Your responsibility to the character is done when you’ve chosen a simple action for the scene. There is no arc of the play; there is no arc of the character. Those are terms invented by scholars. They do not exist. Choose a simple action for the scene, and play the scene. There will be others onstage for you to play it with, and they and your objective will take more than enough of your energy.
After you finish one scene, you will encounter another one, with its own task; the total of them is the play. If you play each scene, the play will be served. If you try to drag your knowledge of the play through each scene, you are ruining whatever the worth is of the playwright’s design, and you are destroying your chances to succeed scene by scene.
The boxer has to fight one round at a time; the fight will unfold as it is going to.
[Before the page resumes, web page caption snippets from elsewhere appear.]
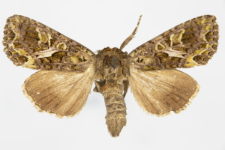 Trachea atriplicis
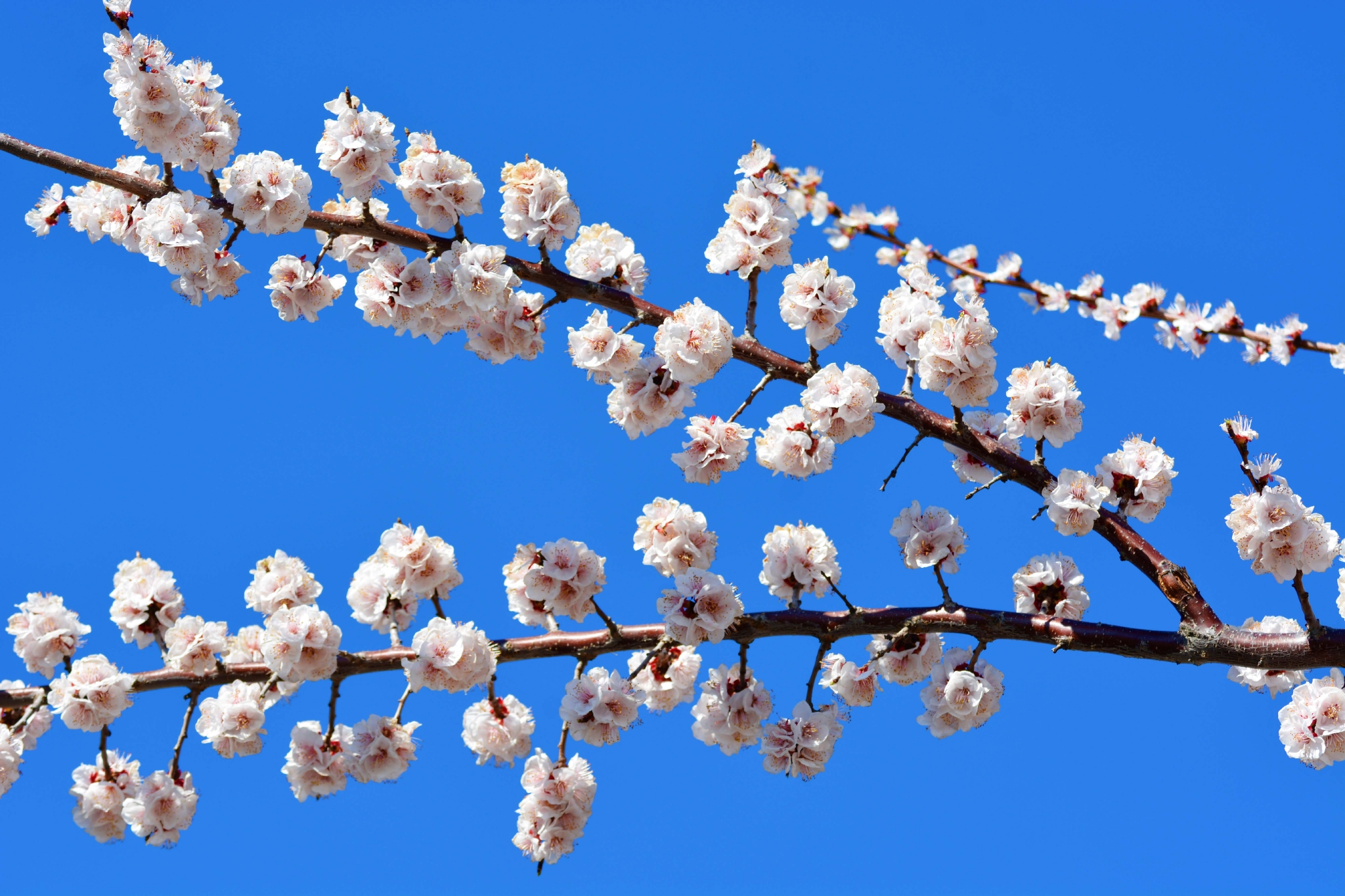 春天的杏梅花,原创拍摄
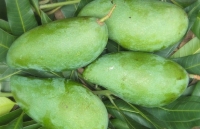nong san mien tay lan luot rot gia
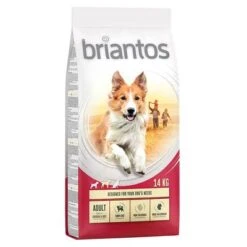 Briantos Pienso Para Perros - Pack Ahorro -Artículos Mascotas Tienda briantos adult chickenrice 14kg 1000x1000 9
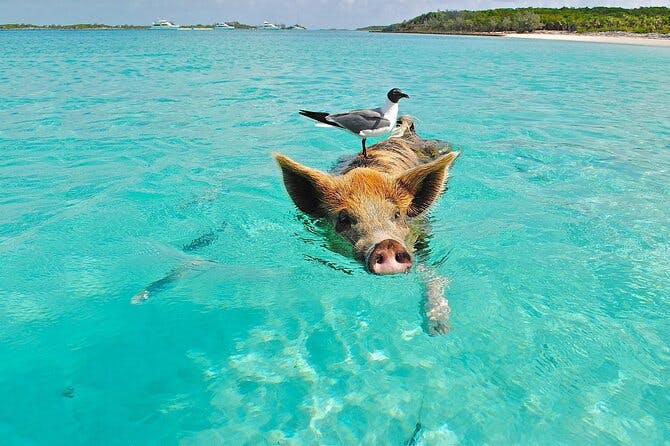 Imagen del tour: Encuentro matutino de cerdos: los cerdos no pueden volar, ¡pero sí nadan!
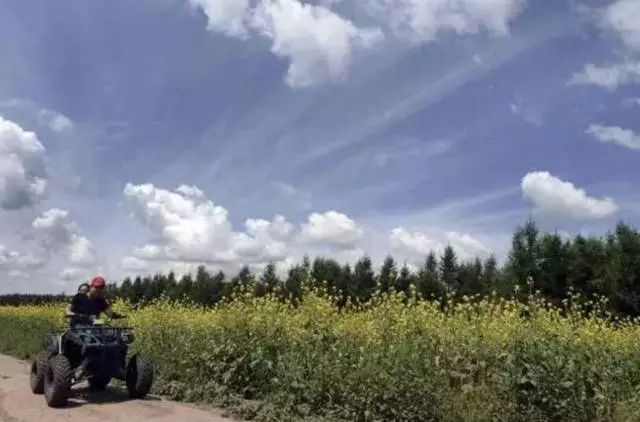 塞罕坝_塞罕坝_塞罕坝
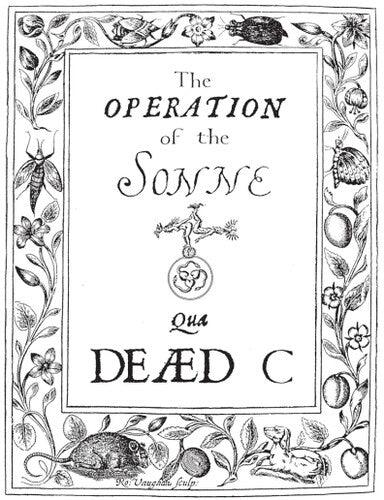 The Dead C- Operation Of The Sonne ( Vinyl )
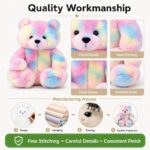 Colorful teddy bear plush toy collection embroidered detail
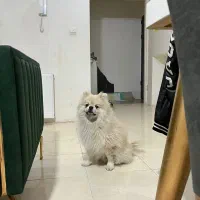 واگذاری پامر|سگ|پرند, فاز ۶|دیوار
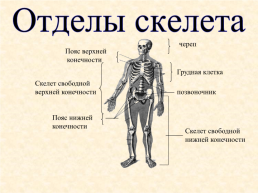 Скелет головы и туловища человека, слайд 3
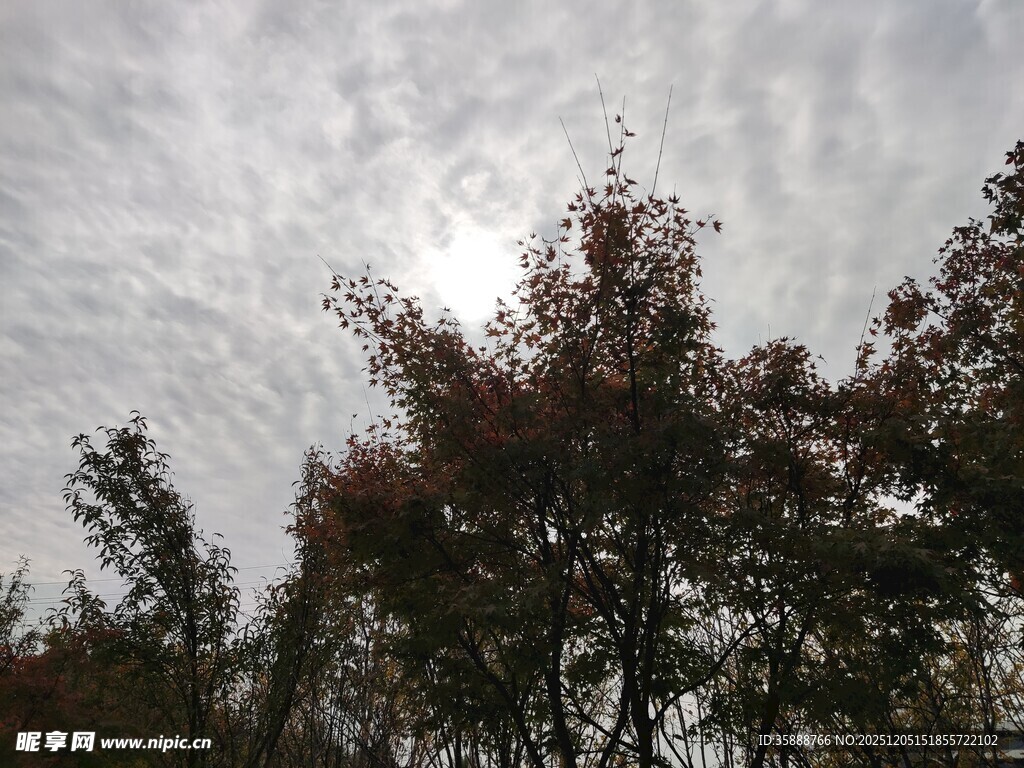 阳光穿透树梢的天空景象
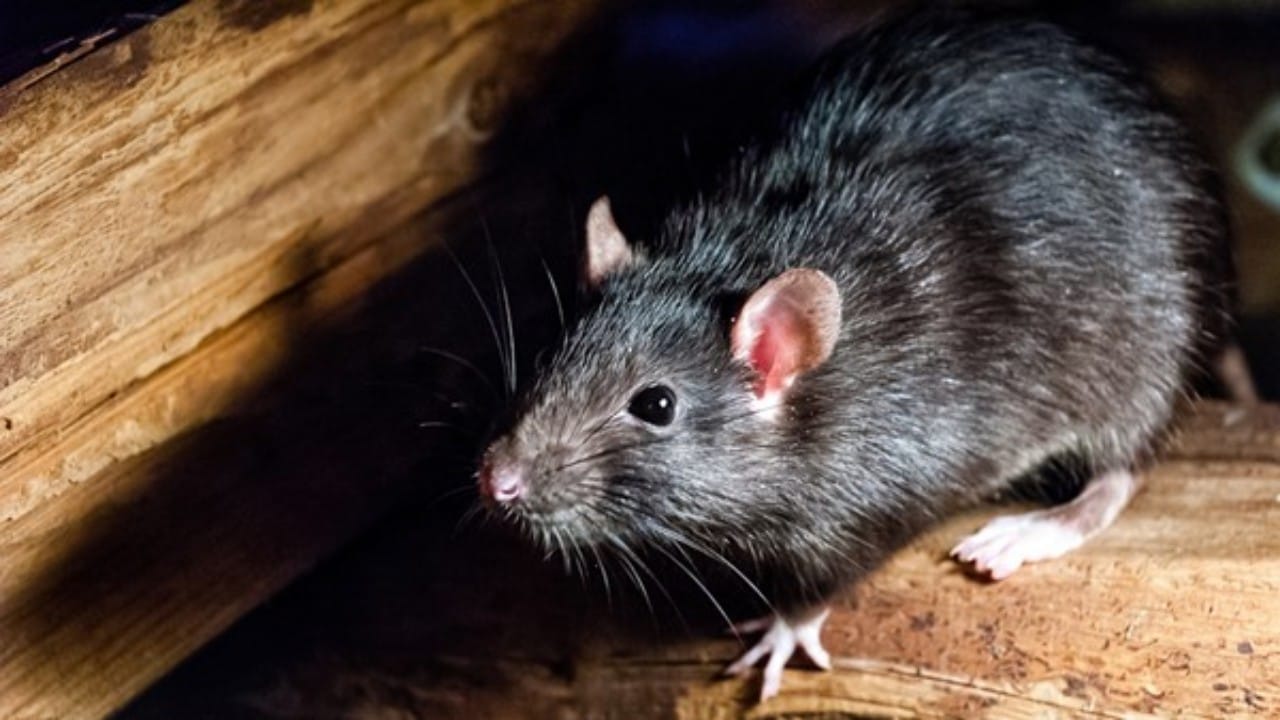 انتشار فئران خارقة داخل البرلمان البريطاني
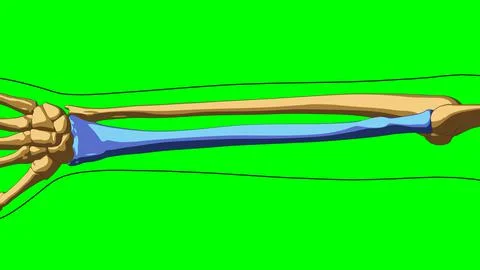 Human skeleton Radius bone anatomy for medical concept 3D illustration Stock Illustration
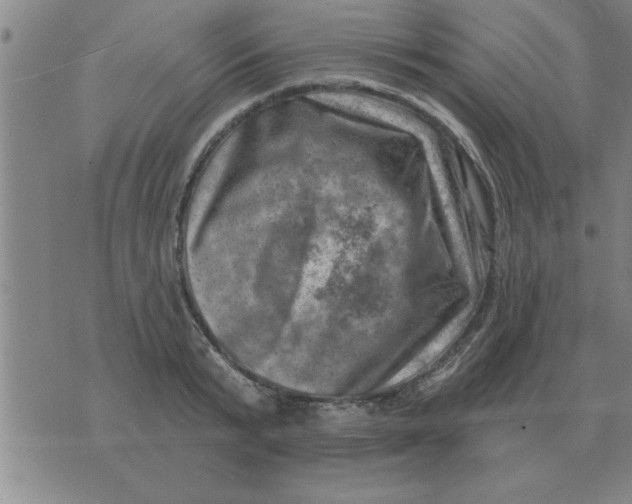 X0000074340799200609152121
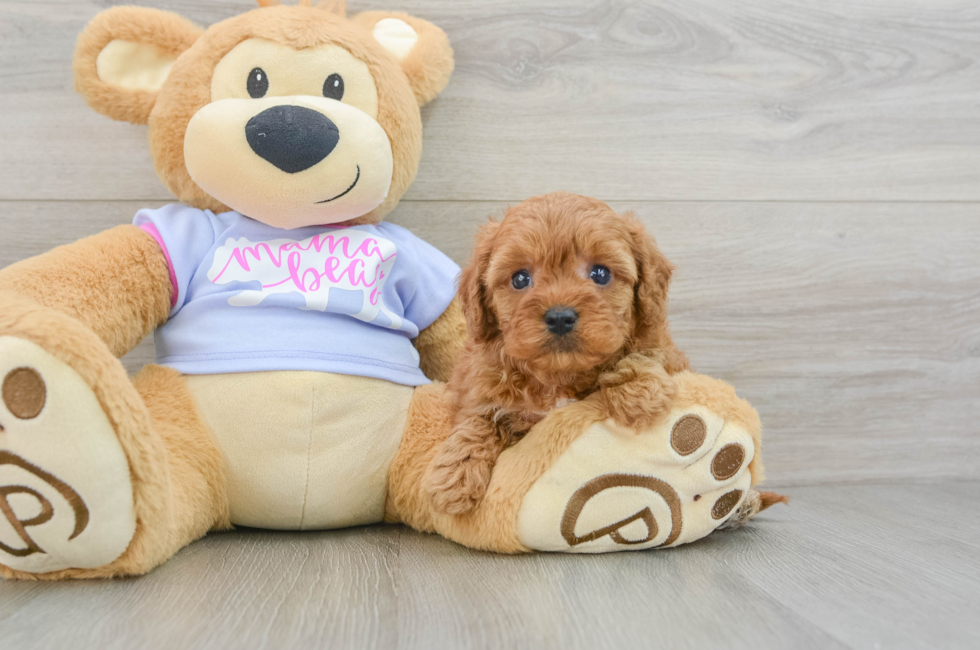 7 week old Cavapoo Puppy For Sale - Puppy Love PR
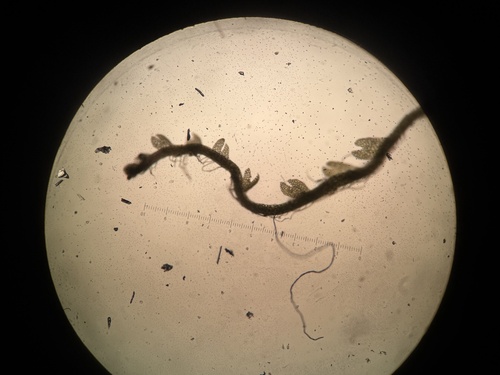 Cephaloziella varians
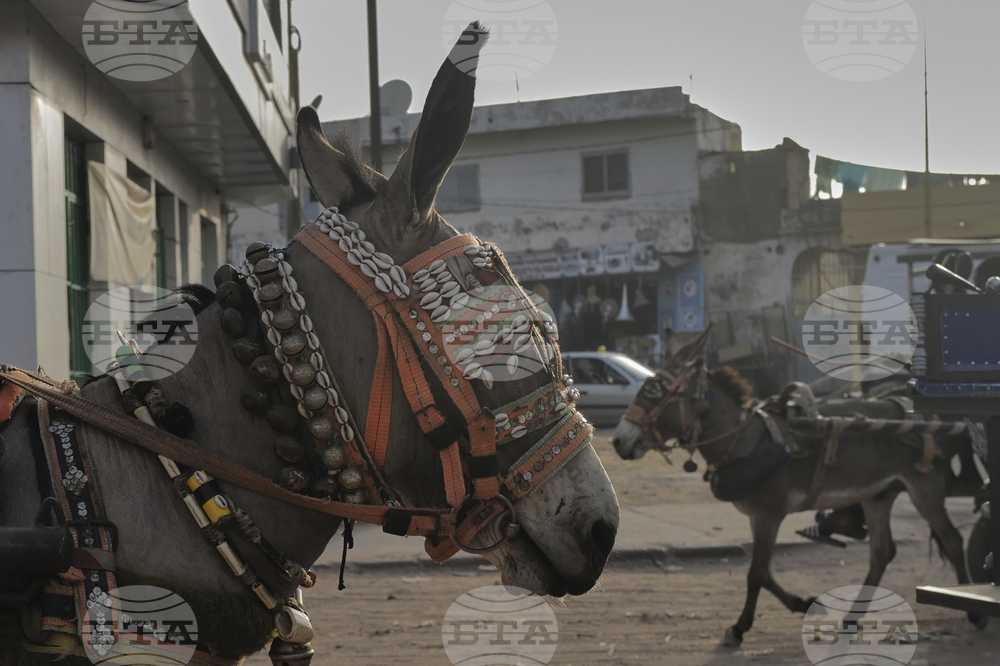 Senegal Daily Life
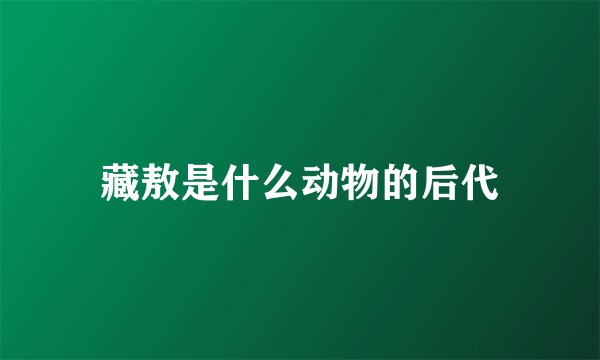 藏敖是什么动物的后代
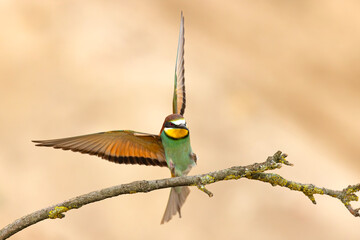 Żołna (Merops apiaster) © Grzegorz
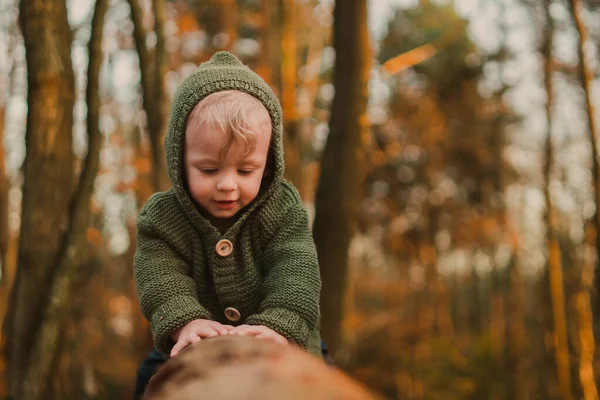 Little Curious Boy Walk Nature Sitting Tree Stump — Photo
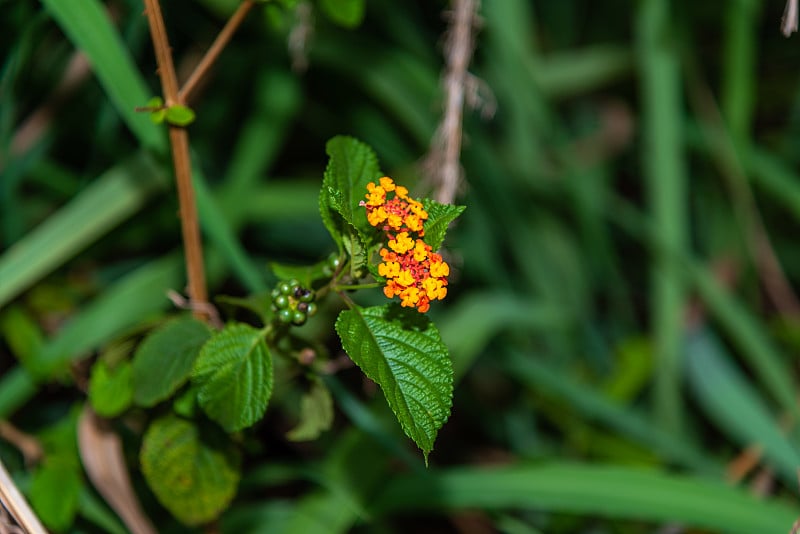 卡马拉Lantana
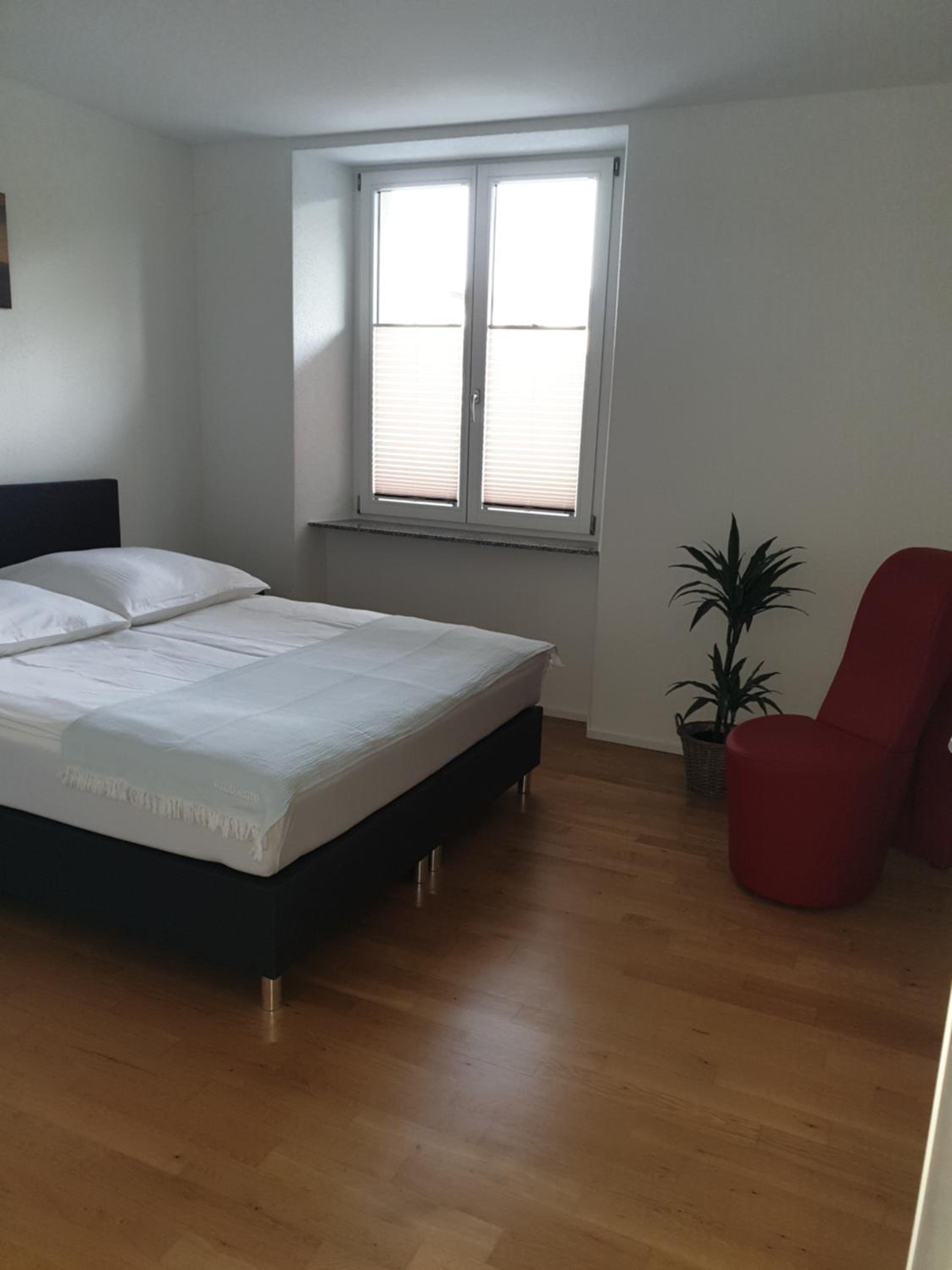 Business Apartment Turgi view 5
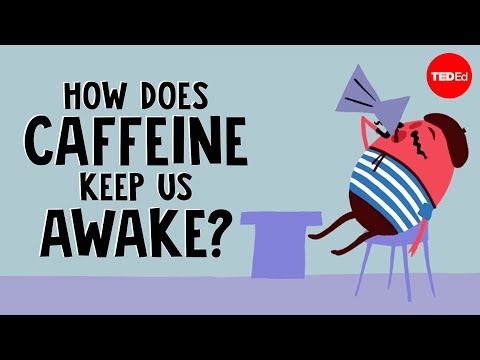 Lesson 16. How does caffeine keep us awake?  Thumbnail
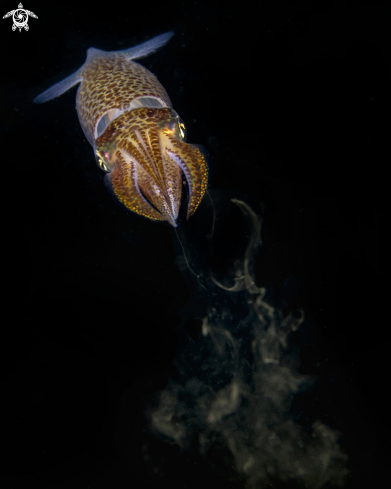 A European Common squid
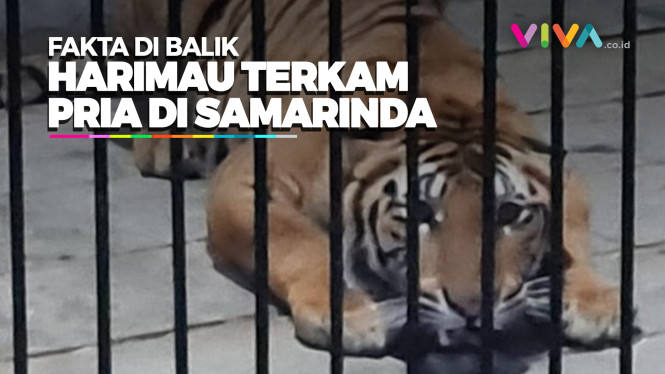 Fakta Pria Tewas Diterkam Harimau Milik Majikan di Samarinda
The boxer takes a simple plan into the ring, and then has to deal with the moment. So do you. The correct unit of application is the scene.
EMOTIONS
The attempt to manipulate another’s feelings is blackmail. It is objectionable and creates hatred and hypocrisy. If one asked an honest worker or craftsperson, “What did you want your client to feel on receipt of your work,” he would most likely be dumbfounded. He had set out not to create an emotion in the recipient but to create an object—a chair, a table, a personal-injury defense, a meal.
For craftspeople in the theatre to set out to manipulate the emotions of others is misguided, abusive, and useless. In the theatre, as outside it, we resent those who smile too warmly, who act overly friendly, or overly sad, or overly happy, who, in effect, narrate their own supposed emotional state. Why do we resent it? Because we feel, rightly, that it is being done only to bring about or to extort something from us we would be reluctant to give in return for an uninflected presentation.